Legal guide to employee options and share schemes
Mon 11 December 2023
Practical steps when setting up employee share options and schemes
- Choose the right type of scheme - there are 3 main types of employee share schemes: employee share ownership plans (ESOPs), share incentive plans (SIPs), and share purchase plans (SPPs).
- Design the scheme - to meet its objectives and to ensure that it complies with all applicable laws and regulations.
- Market the scheme - to ensure employees are aware of the benefits of participating in the scheme.
- Administer the scheme -appoint an administrator to be responsible for managing the scheme, including issuing shares, collecting payments, and keeping records.
Legal work involved
There are a number of legal requirements that must be complied with when setting up employee share options and schemes in the UK. This includes:
- Obtaining shareholder approval: The company must obtain shareholder approval for the scheme before it can be implemented. This is typically done by a special resolution, which requires a majority of the votes cast by shareholders.
- Drafting and registering the scheme document: The company must draft and register a scheme document, which sets out the terms of the scheme. T
- Obtaining tax clearance: The company must obtain tax clearance from HMRC before the scheme can be implemented. This is to ensure that the scheme complies with tax law.
- Providing information to employees: The company must provide employees with information about the scheme, including the terms of the scheme and the risks involved.
Risks for employees
- Illiquidity - employees may end up locked in, with their shares not readily available to sell..
- Company performance - the value of shares will depend on the performance of the company, and employees could lose money if the company performs poorly and they have already bought shares.

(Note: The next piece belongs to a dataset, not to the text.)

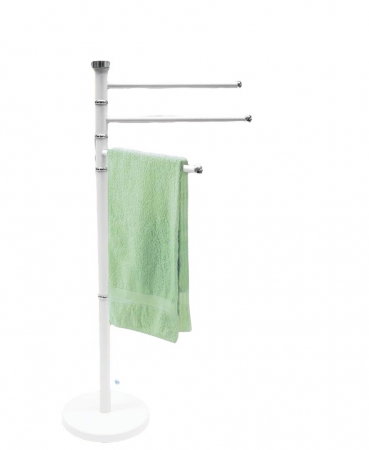 Suport pentru prosoape Artex cu stativ si 3 bare rotative, alb, 22 x 86 cm [0]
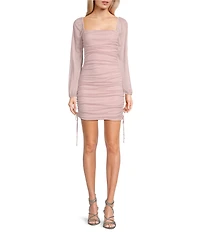 Jump Glitter Square Neck Ruched Long Sleeves With Ties At Hemline Dress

- Capital gains tax - Employees may be liable to pay capital gains tax when they sell their shares.
- Income tax: Employees may be liable to pay income tax on the value of shares that are granted to them under a share option scheme.
- Bad leaver penalties - One of the most common risks for employees is that they will forfeit their unvested shares if they leave their job before the vesting period is over.or the sale proce of shares already bought may be lowered by leaver provisions. Reasons might include being dismissed for misconduct, resigning without giving proper notice, or taking a job with a competitor.
- Dilution - Leaver provisions can also dilute the ownership of existing shareholders. This is because the company will issue new shares to the departing employee in exchange for their unvested shares. This can reduce the proportion of the company that each existing shareholder owns.